Sebanyak 200 personel gabungan Tentara Nasional Indonesia (TNI) dan Kepolisian Republik Indonesia (Polri) masih disiagakan di kawasan Jalan Tambak, Menteng, Jakarta Pusat, pada Senin (27/7/2026). Pengerahan aparat ini menyusul bentrokan berdarah yang terjadi pada Minggu (26/7/2026) dan menewaskan satu orang.

Langkah pengamanan ini dilakukan untuk mengantisipasi kemungkinan terjadinya bentrok susulan sekaligus menjaga situasi tetap kondusif di lokasi. Hingga kini, kepolisian masih melakukan penyelidikan guna mengungkap seluruh rangkaian peristiwa dan memastikan proses hukum berjalan secara adil.

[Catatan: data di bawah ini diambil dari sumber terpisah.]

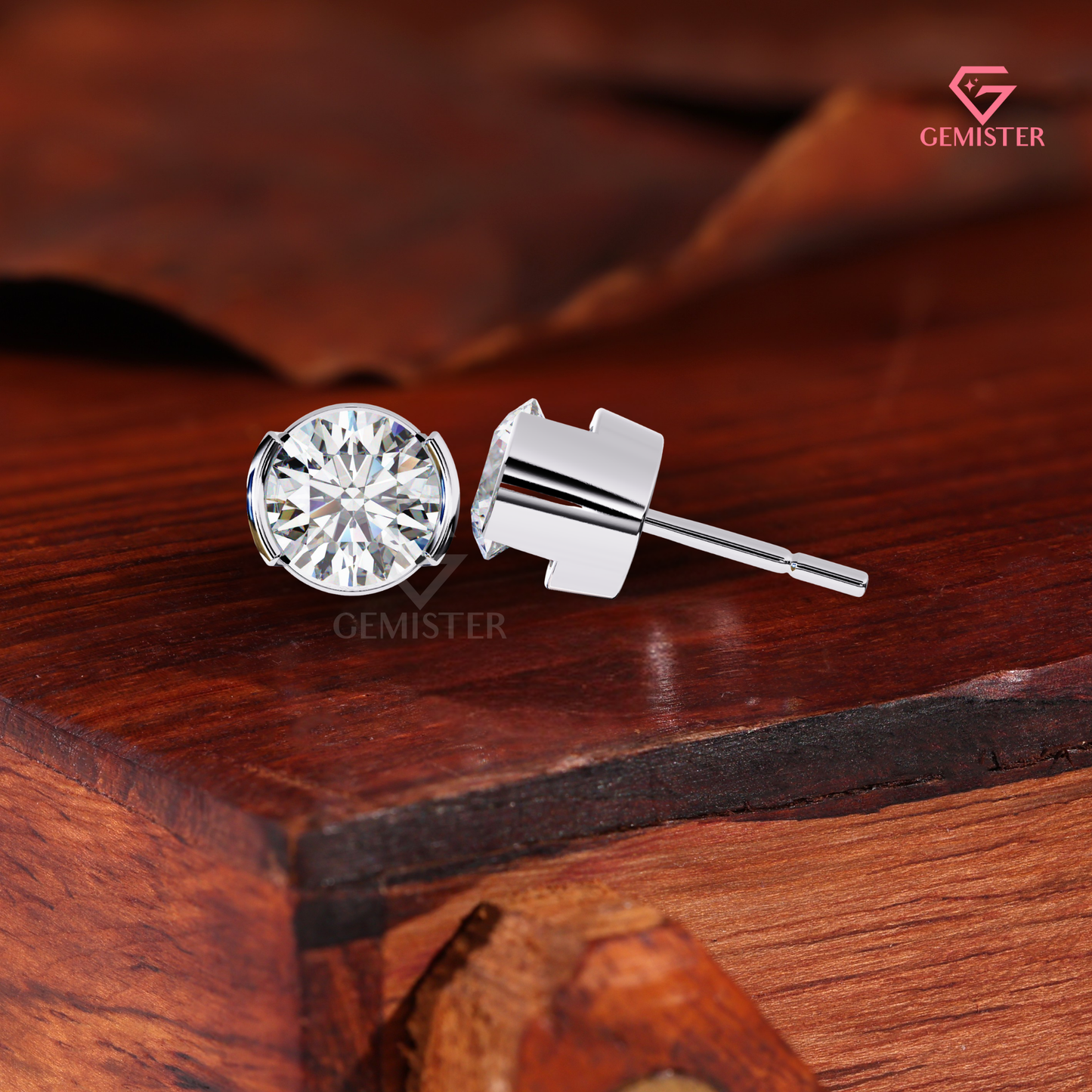 Round-Cut Moissanite Partial Bezel Stud Earrings | Two-Tone 14K Gold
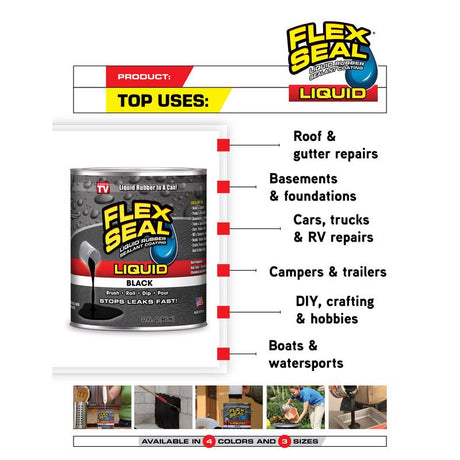 Flex Seal Family of Products Flex Seal Black Liquid Rubber Sealant Coating 128 fl. oz., Pack of 2
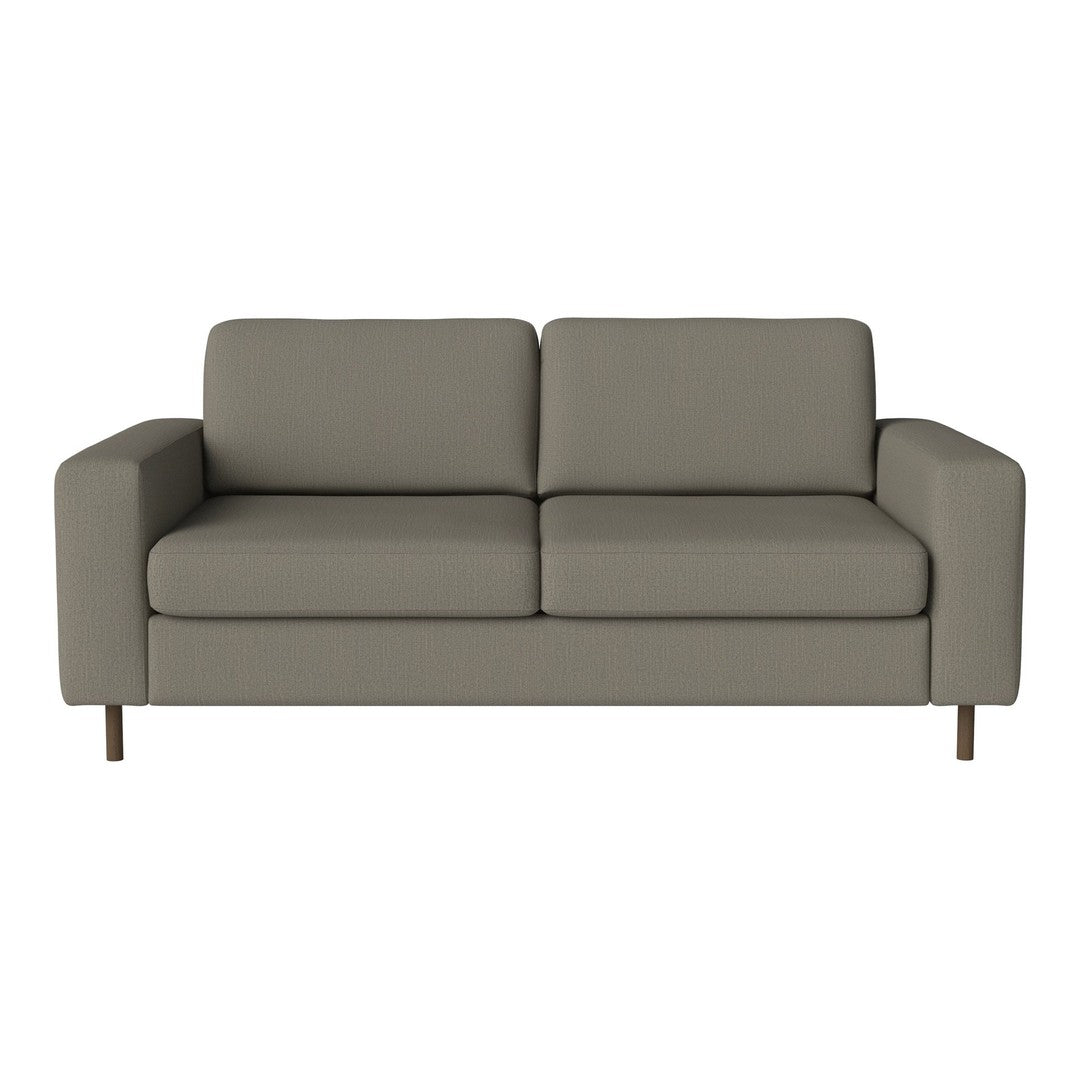 Gray two-seater sofa with clean lines and smooth upholstery, complemented by light wooden legs.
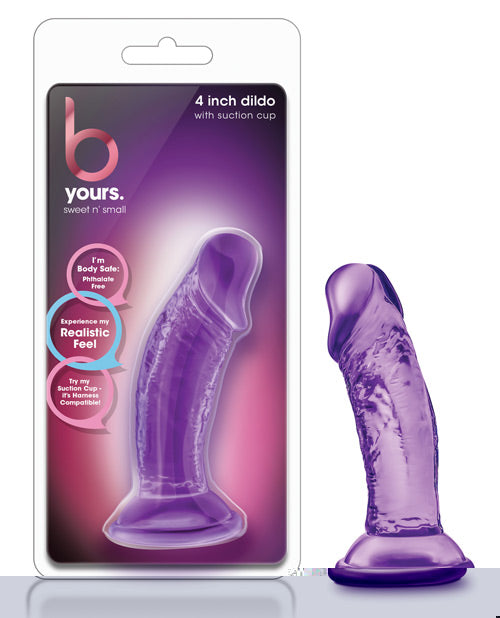 Blush B Yours Sweet n Small 4" Dildo w/ Suction Cup - Purple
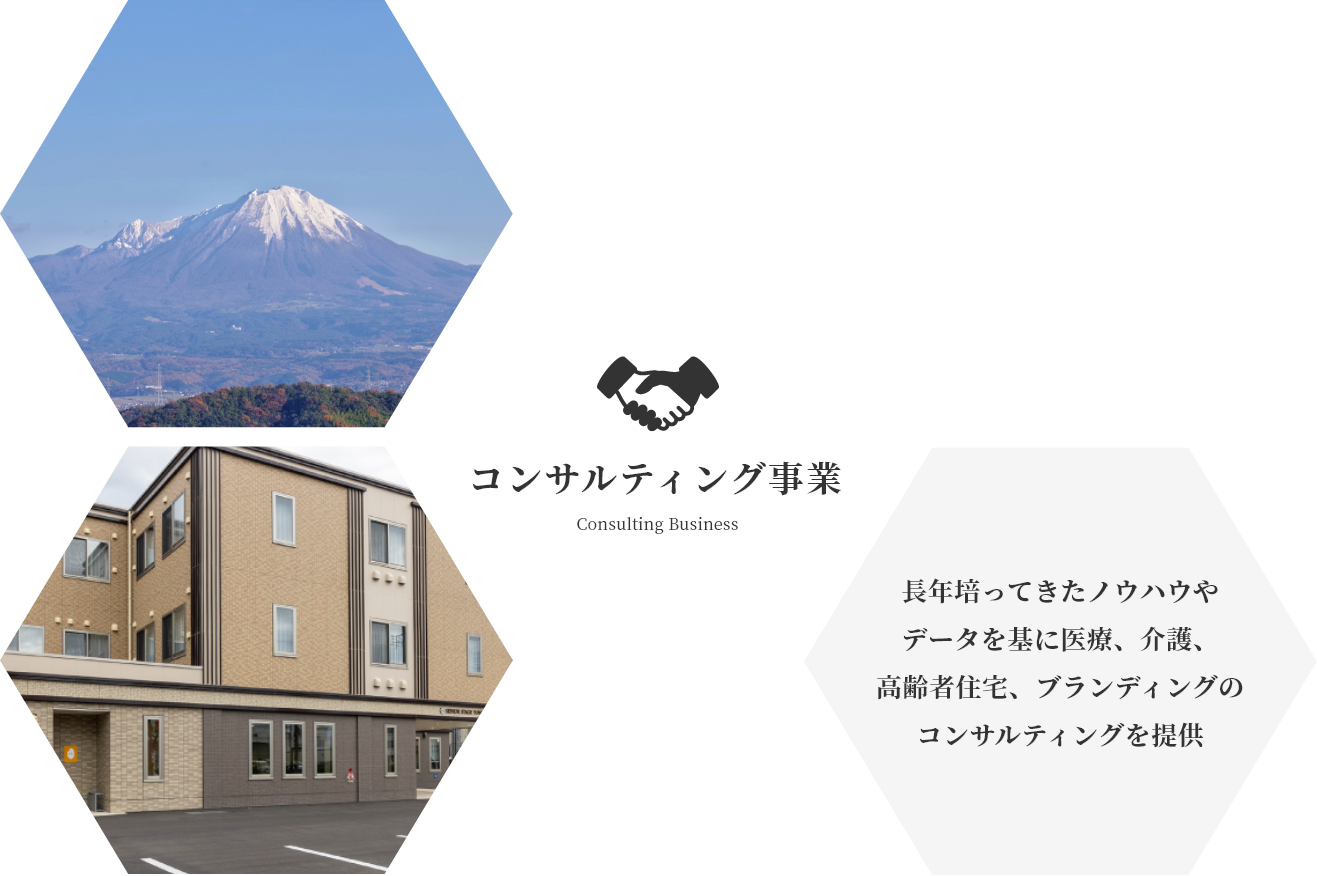 コンサルティング事業 長年培ってきたノウハウやデータを基に医療、介護、高齢者住宅、ブランディングのコンサルティングを提供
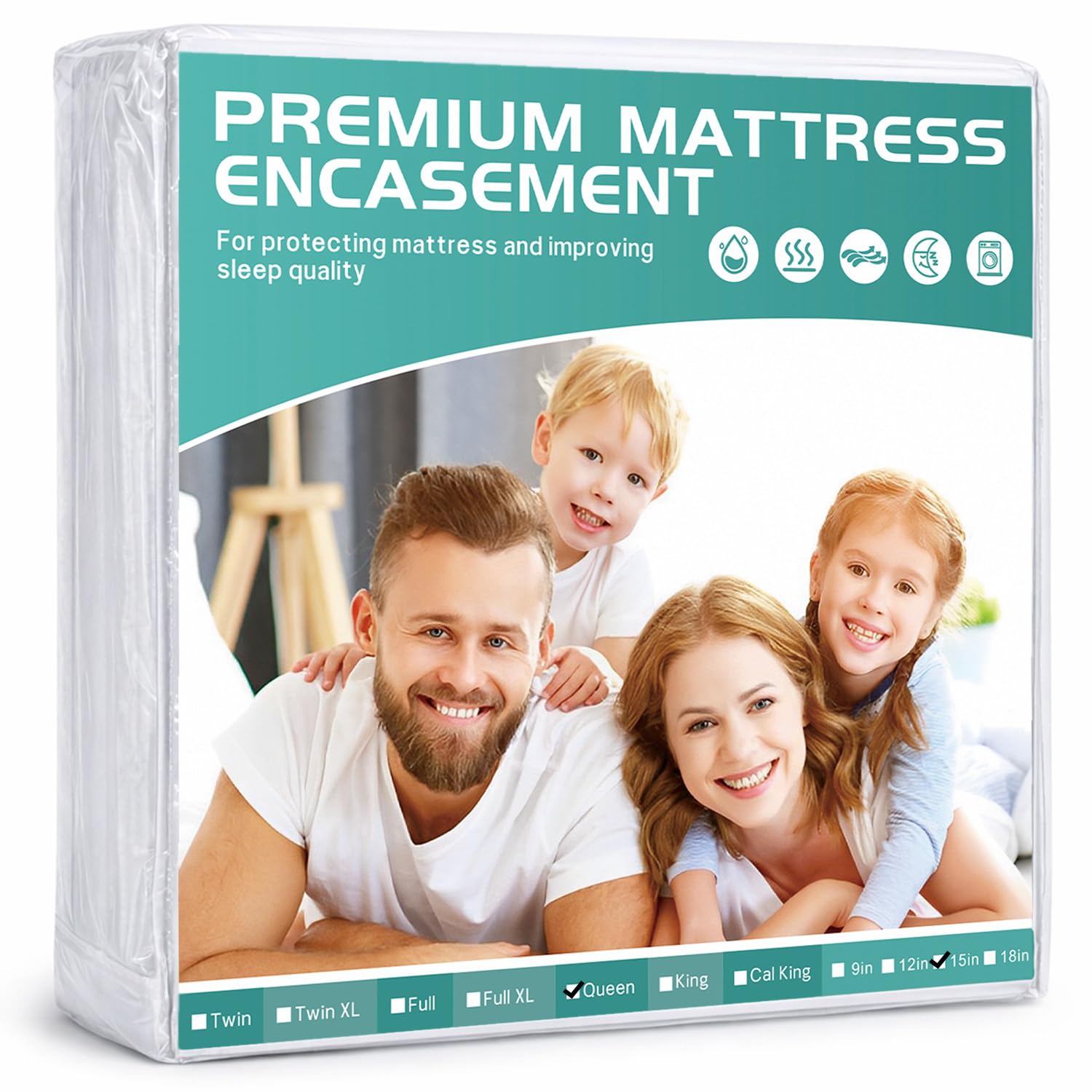 WINKAURA Waterproof Zippered Terry Mattress Encasement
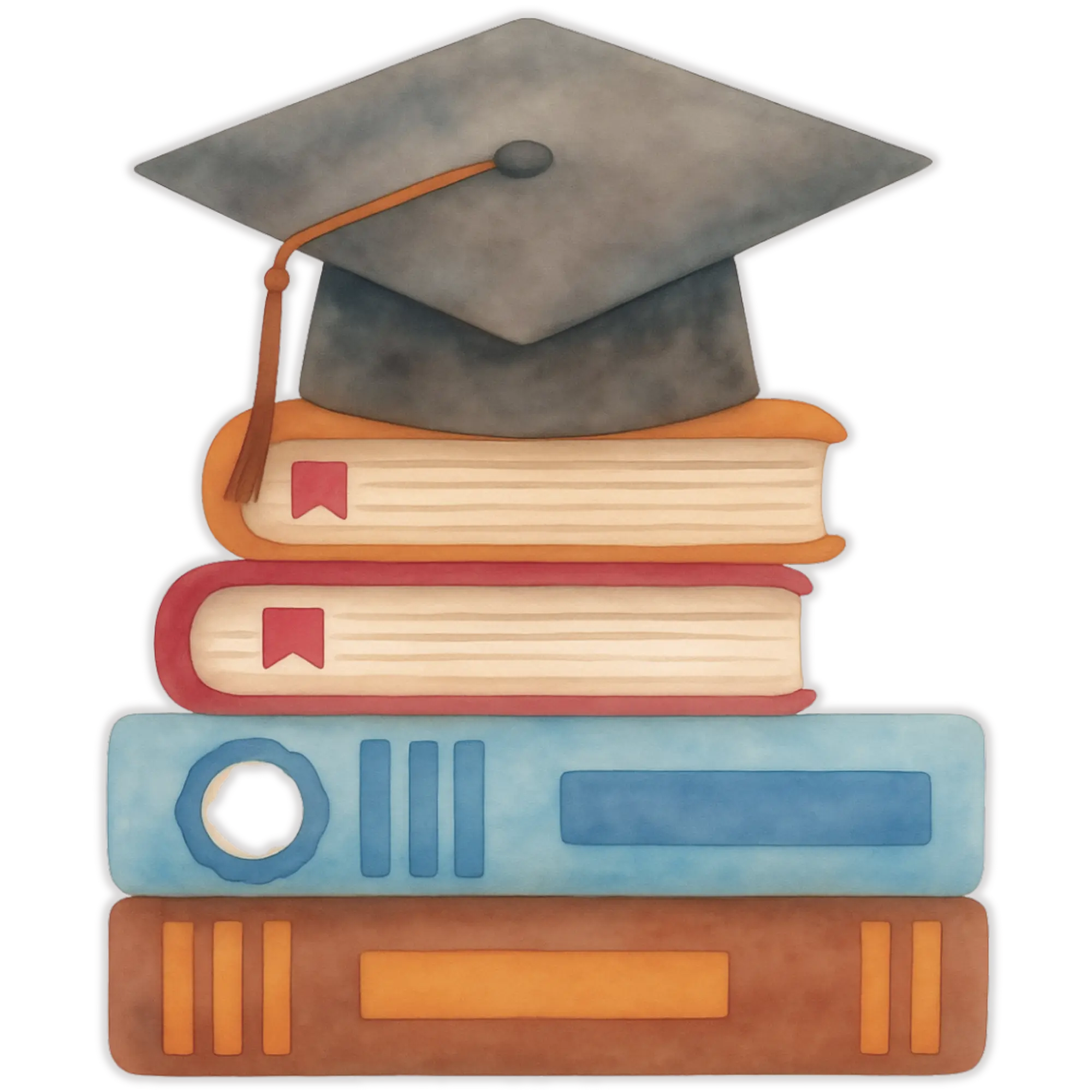 Stack of four books with a graduation cap resting on top symbolizing education.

Aparat Gabungan Amankan Lokasi

Kasi Humas Polres Metro Jakarta Pusat, Iptu Erlyn Sumantri, membenarkan bahwa aparat gabungan masih berjaga di lokasi bentrokan. “Pengamanan dilakukan sebagai langkah antisipasi agar situasi tidak kembali memanas,” ujar Erlyn.

Erlyn menjelaskan, sekitar 200 personel yang diterjunkan berasal dari berbagai unsur keamanan, meliputi:

  • Personel TNI
  • Polda Metro Jaya
  • Polres Metro Jakarta Pusat
  • Polsek Menteng

Kehadiran aparat di lokasi diharapkan dapat memberikan rasa aman kepada masyarakat sekaligus mencegah potensi gangguan keamanan.

Kronologi Bentrokan Maut

Kapolres Metro Jakarta Pusat, Kombes Reynold E.P. Hutagalung, menjelaskan bahwa peristiwa bermula ketika dua orang pemuda melintas di Jalan Tambak sambil menggeber sepeda motor hingga menimbulkan suara bising.

Suara knalpot yang dianggap mengganggu membuat warga sekitar menegur kedua pemuda tersebut. “Namun, teguran itu tidak diterima dengan baik,” kata Kombes Reynold, mengutip keterangan kepolisian.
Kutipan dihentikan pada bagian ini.